At the time of its release, in October 1986 it was Denmark's most expensive film ever made, having cost around 40 million kroner. No Danish film has ever gone as much over budget since.

===Soundtrack===
The soundtrack was composed by Ron Goodwin and was performed by the Copenhagen Collegium Musicum orchestra. The soundtrack was released in 1987 and re-released in 1998 and has since been made available as digital purchase on several platforms. The 45 minute soundtrack would be Goodwin's last film composition.

- 01. Opening Title
- 02. Thor's arrival
- 03. Children's theme
- 04. Thor's fishing tale
- 05. Morning of the magic hammer
- 06. Farewell theme
- 07. Rainbow bridge
- 08. At home with Thor and Sif
- 09. Arrival of Loki and Quark
- 10. The wrath of Thor
- 11. The children in the forest

- 12. Building the tree-house
- 13. Whisteling theme
- 14. Giant's theme
- 15. Eating competition
- 16. Drinking competition
- 17. Thor lifting the cat
- 18. Dancing with Elle
- 19. Tjalfe and Thor
- 20. Giant party
- 21. Farewell to Quark
- 22. Tjalfe gets his sword
- 22. Finale

===Casting===
The Danish release version of the film features the voices of Dick Kaysø, Preben Kristensen, Laura Bro and Marie Ingerslev. The film was translated into other languages including English and German. During the production and animation stages, it was initially animated using an English language soundtrack featuring the voices of a primarily British cast. In the German dub, Christopher Lee voiced Thor and Odin.

==Release==
The movie was released in October 1986. More than 100 artists had worked hard on the film for 4 years and the total cost of the film was DKK 35 million (5 million euro). The movie was an instant hit for several years and reached number 3 on the Danish box office list. In spite of selling more tickets than any other Danish film in 1986, its heavy cost inevitably made it a box-office flop. Swan Film made eight spin-off short films for television featuring Quark, the troll character in both the books and the film, before eventually closing down. Some of these shorts featured John Cleese as narrator.
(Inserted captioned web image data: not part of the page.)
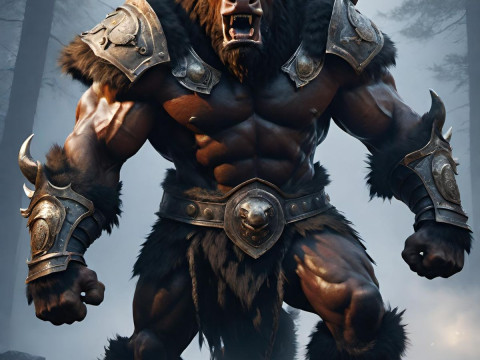 Bonecos 3D 风格漫画动漫牛头怪战士 caricato 3D 打印模型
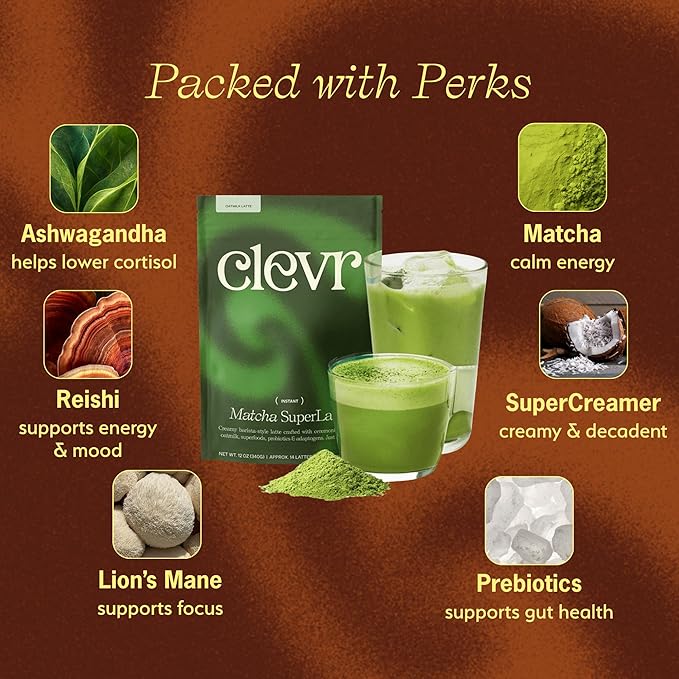 Clevr Matcha SuperLatte, Instant Ceremonial Grade, Superfood Powder Blend with Oat Milk, Lions Mane, Reishi Mushroom, Coconut Cream, Ashwagandha, Serve Hot or Iced, (14 Lattes)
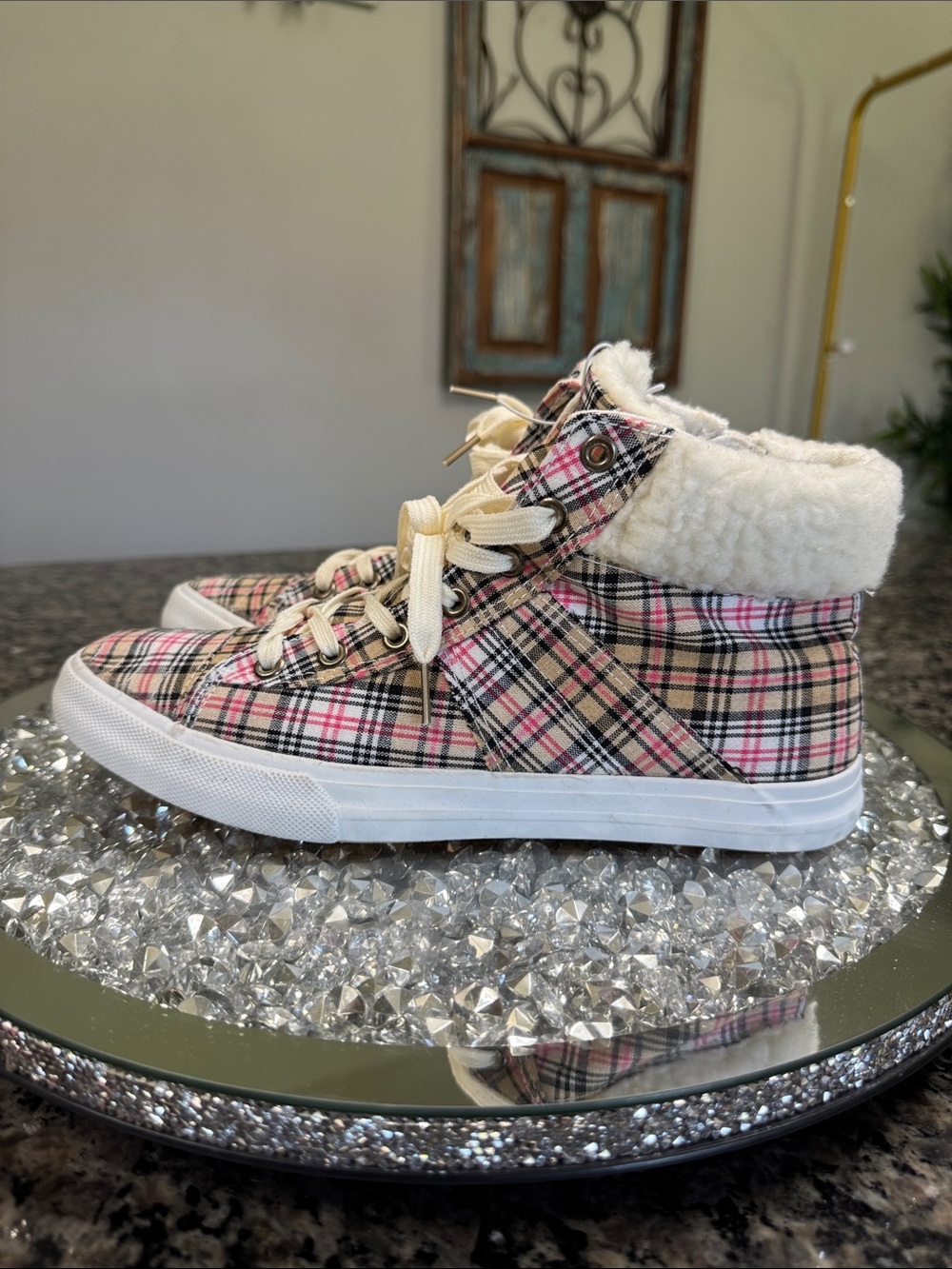 Pink and tan Plaid High-Top Sneakers with Sherpa Collar NEW
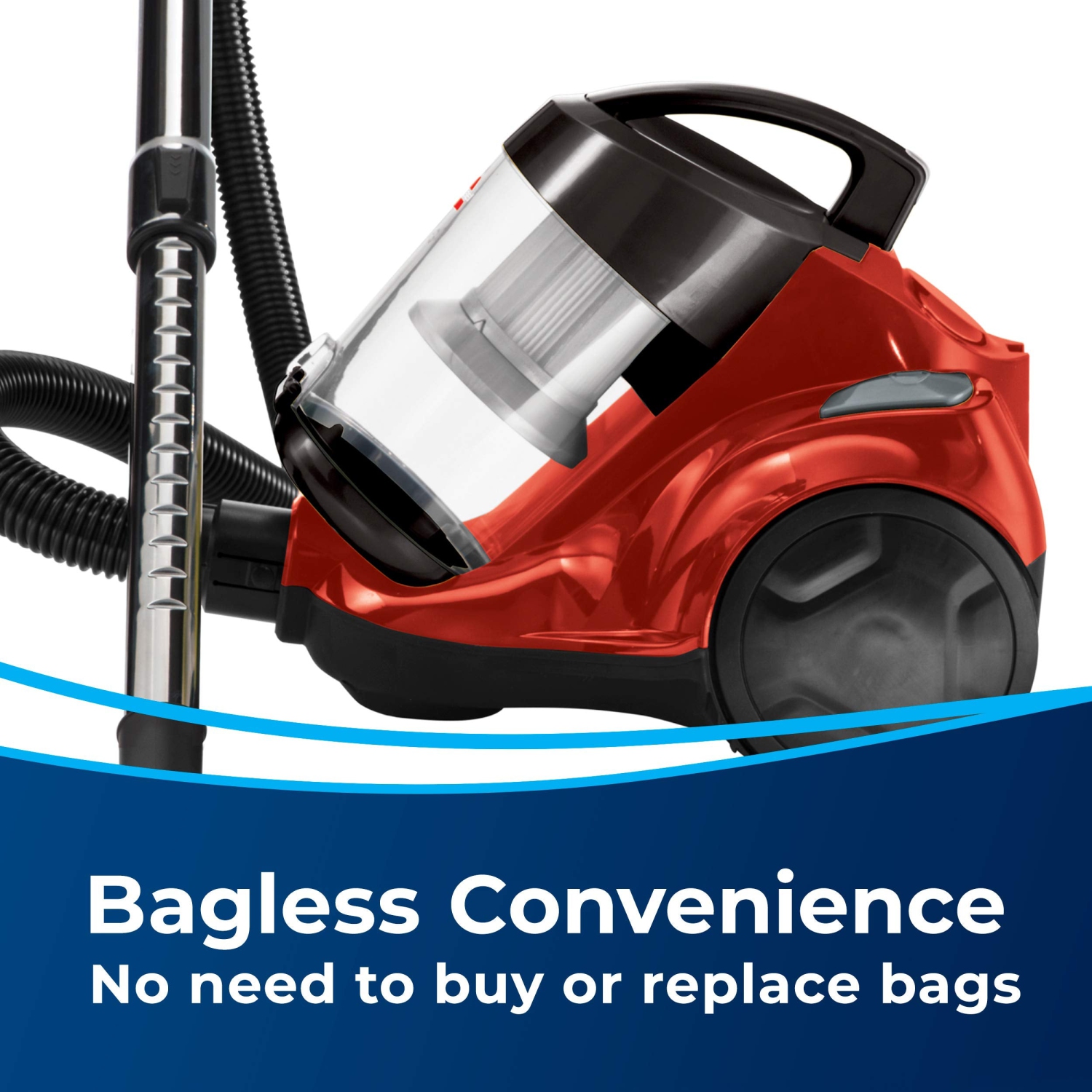 Bissell - Canister Vacuum Cleaner - Zing Bagless - Lightweight Compact - Hard Floor and Low-Pile Carpet | 21565 , Red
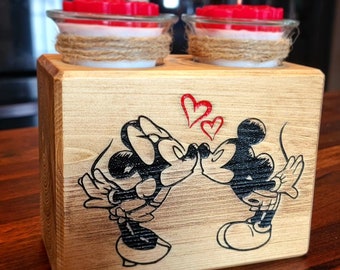 Valentines day kissing mice in love homemade rose candle display holder Rustic and Exotic for mom or wife with FREE SHIPPING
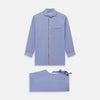 View 1 of product Blue Piped End-on-End Cotton Pyjama Set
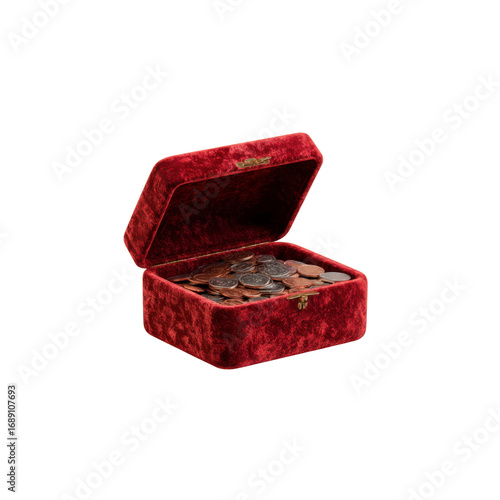 Red Velvet Box Filled with Coins Savings, Treasure, and Financial Security Concept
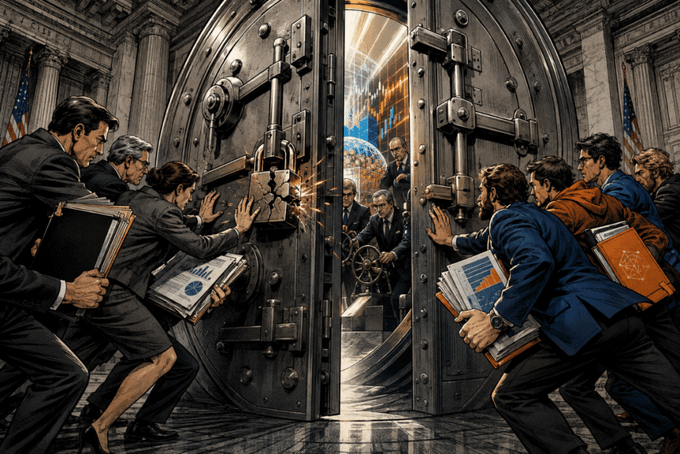A dramatic illustration depicting men in suits pushing open a giant bank vault door, with sparks flying as the heavy doors swing apart to reveal people inside.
The financial collapse of the Valhalla-production also brought down its sister company, LASER, which had been developing an animated feature film adaptation of Gilgamesh and a laserdisc video game, Pyramid, about a female hero battling various enemies inside an ancient temple structure. However, four animators and one producer prior to completing Valhalla regrouped and formed a new company, A. Film A/S, which to date is Denmark's most successful animation studio, producing frequent artistic triumphs and box-office hits.